Les photographies viennent du site http://www.opalka1965.com/fr/index_fr.php

Du Roman d'un être au Livre de l'oubli, il y a certainement quelques années d'écart puisque le second reprend des notes de 1979 quand le premier commençait en 1985 et s'achevait en 1996, mais l'écriture de Bernard Noël se fait par reprises au sens kierkegardien du ressouvenir en avant. Si le premier est une phrase ininterrompue, le second ne cesse d'interrompre le travail pensif par tous ses fragments et je dirais par tous les moyens - ceux d'une exploration impossible puisqu'il s'agit d'écrire un non-savoir qui est bien plus actif que tous les savoirs accumulables et exposables. En ce sens ce petit livre est un défi fait à toute maîtrise y compris celle de l'écriture. Ce livre échappe donc jusque dans ses "fragments" qu'on ne peut tenir aussi bien qu'on tiendrait une pensée - parfois grâce au fragmentaire. Il échappe parce qu'il ouvre une expérience partageable seulement dans l'approche qui est elle-même une dérobade, nous prévient Bernard Noël. Mais l'aporie, s'il y en a une car le défi ici ouvre plus qu'il ne ferme, se retourne vite en son contraire : au lieu de rester bouche bée, nous voilà tiré vers une activité sans fin puisque cette réserve livre du temps, une épaisseur incommensurable à chaque maintenant, irréductible à quelque souvenir ou prédiction. C'est comme si nous sentions la force du silence dans n'importe quelle parole, de l'obscur dans n'importe quelle lumière ou pensée ou vie. Le dernier livre de poèmes d'Henri Meschonnic titrait L'Obscur travaille (Arfuyen, 2012), ce livre de Bernard Noël montre que l'oubli travaille et donc qu'il est dans la mémoire comme l'invisible dans le visible. Mais ici, il nous montre la force de ce travail dans l'écriture même : ce qui n'est pas sans suggérer une subjectivation impersonnelle dont l'inconscient, l'intentionnalité ou encore l'expressivité ne peuvent rendre compte. L'écriture, et donc la lecture, agrandirait même l'oubli, ce travail d'une force qui "donne à voir sans rendre visible". Plus encore, un tel agrandissement par l'oubli est "le pas au-delà" ou la découverte active d'un inconnu qui nous fait immensément, quand le connu nous limite, nous identifie à nos limites.

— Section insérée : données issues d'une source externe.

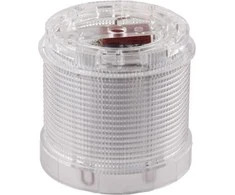 Spamel Šviesos modulis balta su 24V nuolatinės srovės LED (LT70\ 24- LM-W)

Ce livre est un poème parce qu'un poème est une écriture de l'oubli : non parce qu'il parle de l'oubli mais parce qu'il augmente à chaque fragment l'inconnu de l'oubli un peu comme l'archéologue ne peut que confirmer avec ses pièces une connaissance de l'oublié qui augmente sans cesse son inconnu - de ce point de vue, tout le livre est une archéologie non du savoir mais de la vie dans et par l'écrire.